Scales of justice representing the fallacy finder tool

Fallacy Finder

Dissect text to detect fallacies, helping you strengthen your arguments and avoid common reasoning errors.

Step 1: Paste any text you would like to analyze for fallacies in the text box. You can paste up to 10,000 characters at a time. For longer text, break it apart and analyze in chunks.

Step 2: Click or tap the “Find Fallacies” button to submit the text for analysis. The results should appear in under 30 seconds. You can run it a few times for varied results. More fallacies can be found.

Step 3: Read the results to discover what fallacies (if any) are found in the text! Remember to copy/paste the output if you would like to save it. It will not be stored.

How to Use the Fallacy Finder Tool

The Fallacy Finder is a specialized tool designed to help you identify and understand logical fallacies in text. Logical fallacies are errors in reasoning that can weaken arguments, and this tool is particularly useful for students, writers, or anyone looking to strengthen their argumentative skills.  To use this tool, simply paste text in the field and select the “Find Fallacies” button.  Your analysis will appear in about 30 seconds or less.

Common Logical Fallacies

Here are some of the types of logical fallacies that this tool can detect in your pasted text.

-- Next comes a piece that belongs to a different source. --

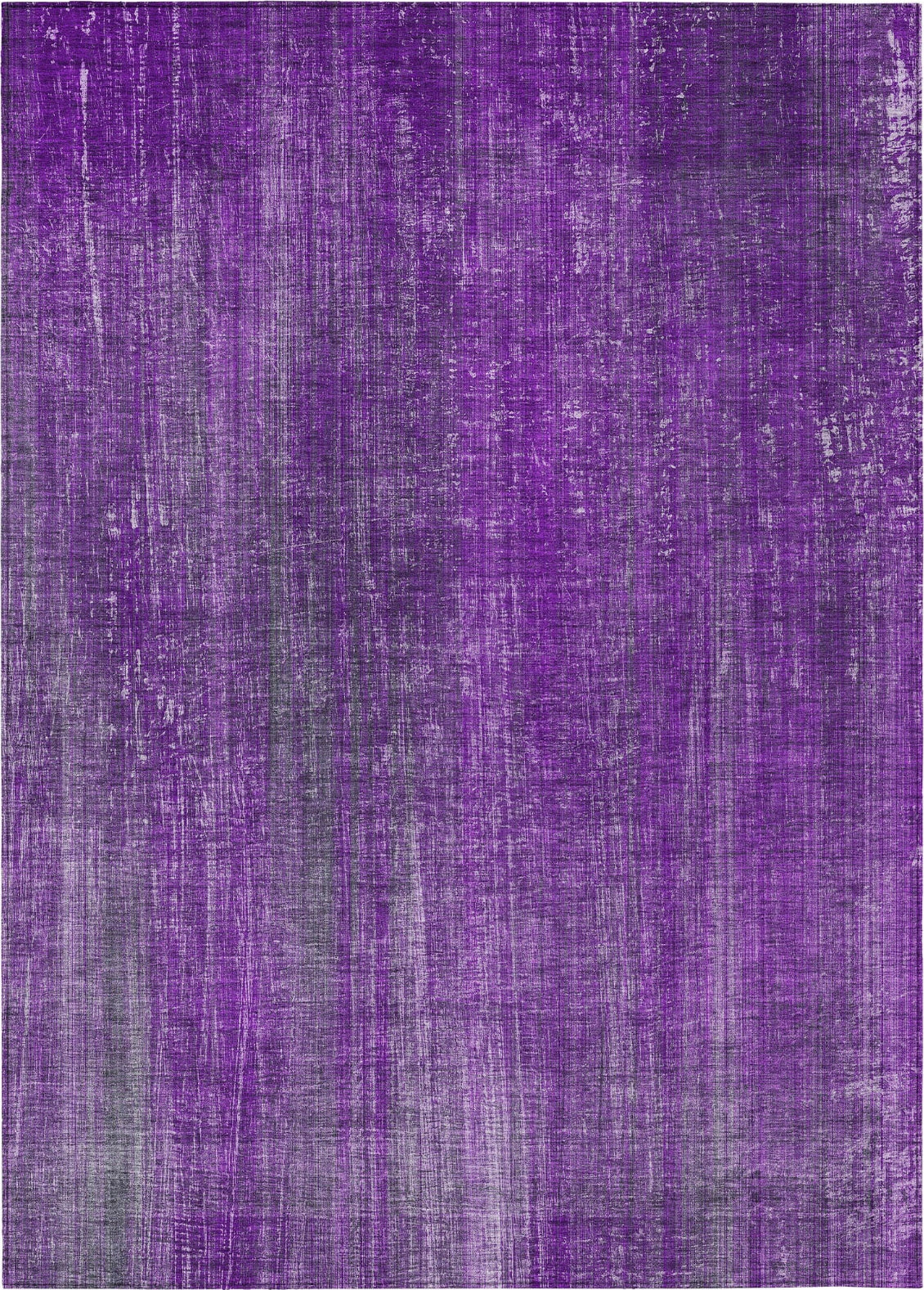 Piper Looms Chantille Stripes ACN552 Purple Area Rug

  1. Ad Hominem: Attacking the person making the argument rather than the argument itself.
  2. Straw Man: Misrepresenting someone’s argument to make it easier to attack.
  3. Appeal to Ignorance (Argumentum ad Ignorantiam): Claiming something is true because it has not been proven false, or vice versa.
  4. False Dilemma/False Dichotomy: Presenting two opposing options as the only possibilities when more exist.
  5. Slippery Slope: Arguing that a small first step will lead to a chain of related events culminating in some significant effect.
  6. Circular Reasoning (Begging the Question): When the conclusion of an argument is assumed in the phrasing of the question itself.
  7. Hasty Generalization: Making a rushed conclusion without considering all of the variables.
  8. Red Herring: Diverting the attention of the audience from the matter at hand to a different issue.
  9. Post Hoc Ergo Propter Hoc: Assuming that because one event followed another, the first caused the second.
  10. Appeal to Authority (Argumentum ad Verecundiam): Suggesting that because an authority figure believes something, it must therefore be true.
  11. Appeal to Emotion: Manipulating an emotional response in place of a valid or compelling argument.
  12. Bandwagon Fallacy: Arguing that because everyone else believes something or is doing something, it must be valid or correct.
  13. No True Scotsman: Making an appeal to purity as a way to dismiss relevant criticisms or flaws of an argument.
  14. Equivocation: Using an ambiguous term in more than one sense, thus making an argument misleading.
  15. Appeal to Tradition: Arguing that a practice or thing is right because it has always been done that way.
  16. Loaded Question: Asking a question that contains an unjustified assumption.
  17. Guilt by Association: Discrediting an argument for proposing an idea that is shared by some socially demonized individual or group.
  18. The Gambler’s Fallacy: Believing that ‘runs’ occur to statistically independent phenomena such as roulette wheel spins.

These are just a few examples of the many types of fallacies that can be present in arguments. By identifying and understanding these fallacies, one can critically evaluate the strength of arguments and avoid common pitfalls in reasoning.